题目
Using a sheet of paper and scissors, you can cut out two faces to form a cylinder in the following way:
Cut the paper horizontally (parallel to the shorter side) to get two rectangular parts.
From the first part, cut out a circle of maximum radius. The circle will form the bottom of the cylinder.
Roll the second part up in such a way that it has a perimeter of equal length with the circle’s circumference, and attach one end of the roll to the circle. Note that the roll may have some overlapping parts in order to get the required length of the perimeter.

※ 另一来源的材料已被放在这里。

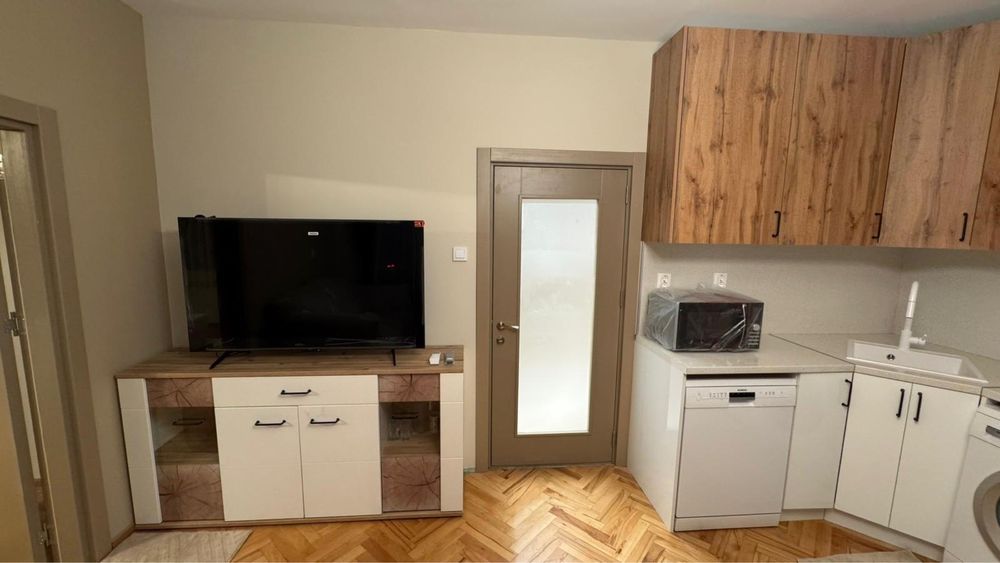 Продава се Четиристаен апартамент в Пловдив, Христо Смирненски - 80 кв.м за 1110 €/кв.м - Снимка #5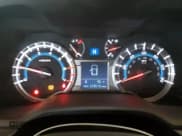 ✅ 2017 Toyota 4Runner SR5 Premium • VIN: JTEBU5JR9H5460713 • Lot: 66246675. Wystawiony na Copart z przebiegiem 123 515 mil. Bezpłatny archiwum sprzedaży aukcyjnych z USA i szczegółowy raport historii pojazdu na DreamBid. Zdjęcie 9.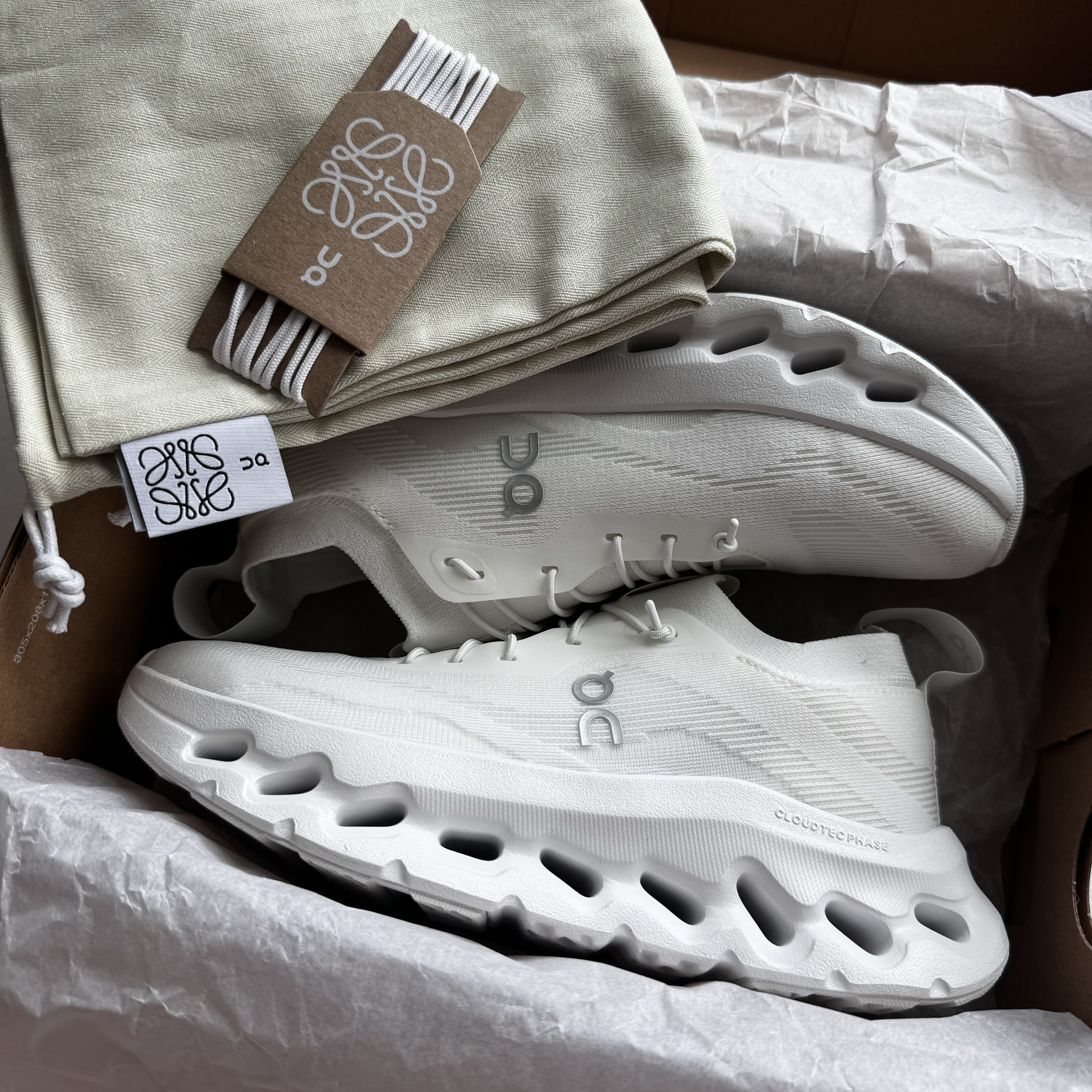 (W) Loewe x On Running Cloudtilt All White 착용 스타일 - 2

Given the dimensions of the sheet of paper, can you calculate the biggest possible volume of a cylinder which can be constructed using the procedure described above?
输入
The input consists of several test cases. Each test case consists of two numbers w and h (1 ≤ w ≤ h ≤ 100), which indicate the width and height of the sheet of paper.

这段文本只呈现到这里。